# Problem
Transcribe exactly, and only, the lines from the one containing "Maritimo Di Cattaro****Lux" through the last line of the data.

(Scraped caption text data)
*** Begin section ***

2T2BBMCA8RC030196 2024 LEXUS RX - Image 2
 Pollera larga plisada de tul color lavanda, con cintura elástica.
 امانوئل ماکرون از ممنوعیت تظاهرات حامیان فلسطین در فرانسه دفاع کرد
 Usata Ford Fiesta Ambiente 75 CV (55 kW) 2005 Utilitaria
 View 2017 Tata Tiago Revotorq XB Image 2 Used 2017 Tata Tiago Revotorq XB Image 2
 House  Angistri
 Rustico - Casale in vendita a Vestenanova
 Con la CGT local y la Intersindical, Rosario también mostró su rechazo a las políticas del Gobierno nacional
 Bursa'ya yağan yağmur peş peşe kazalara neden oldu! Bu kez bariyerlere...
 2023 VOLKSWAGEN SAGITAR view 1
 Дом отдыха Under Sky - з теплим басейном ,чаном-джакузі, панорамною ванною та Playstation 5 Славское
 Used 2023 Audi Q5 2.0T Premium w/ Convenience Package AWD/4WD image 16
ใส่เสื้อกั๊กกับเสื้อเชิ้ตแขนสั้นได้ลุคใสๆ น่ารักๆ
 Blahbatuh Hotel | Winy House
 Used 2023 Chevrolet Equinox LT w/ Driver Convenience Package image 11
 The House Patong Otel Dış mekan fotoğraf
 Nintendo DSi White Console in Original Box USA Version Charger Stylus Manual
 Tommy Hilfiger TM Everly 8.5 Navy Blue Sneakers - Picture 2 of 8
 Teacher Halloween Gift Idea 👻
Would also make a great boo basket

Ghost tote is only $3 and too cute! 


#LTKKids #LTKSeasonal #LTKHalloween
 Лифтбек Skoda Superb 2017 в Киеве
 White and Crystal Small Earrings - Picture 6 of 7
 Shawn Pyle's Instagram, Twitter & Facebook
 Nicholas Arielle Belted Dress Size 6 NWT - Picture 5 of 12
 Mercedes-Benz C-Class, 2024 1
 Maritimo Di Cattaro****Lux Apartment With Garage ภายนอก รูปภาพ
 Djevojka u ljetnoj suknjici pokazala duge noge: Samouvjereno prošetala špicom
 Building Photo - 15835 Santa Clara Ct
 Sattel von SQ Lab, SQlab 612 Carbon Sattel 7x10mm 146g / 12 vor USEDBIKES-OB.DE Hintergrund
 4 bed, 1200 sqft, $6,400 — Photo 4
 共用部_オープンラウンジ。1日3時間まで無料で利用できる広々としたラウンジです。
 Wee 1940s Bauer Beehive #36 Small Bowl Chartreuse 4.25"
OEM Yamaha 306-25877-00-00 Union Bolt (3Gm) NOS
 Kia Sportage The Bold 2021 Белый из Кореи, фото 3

*** End section ***

# Response for this exercise
 Maritimo Di Cattaro****Lux Apartment With Garage ภายนอก รูปภาพ
 Djevojka u ljetnoj suknjici pokazala duge noge: Samouvjereno prošetala špicom
 Building Photo - 15835 Santa Clara Ct
 Sattel von SQ Lab, SQlab 612 Carbon Sattel 7x10mm 146g / 12 vor USEDBIKES-OB.DE Hintergrund
 4 bed, 1200 sqft, $6,400 — Photo 4
 共用部_オープンラウンジ。1日3時間まで無料で利用できる広々としたラウンジです。
 Wee 1940s Bauer Beehive #36 Small Bowl Chartreuse 4.25"
OEM Yamaha 306-25877-00-00 Union Bolt (3Gm) NOS
 Kia Sportage The Bold 2021 Белый из Кореи, фото 3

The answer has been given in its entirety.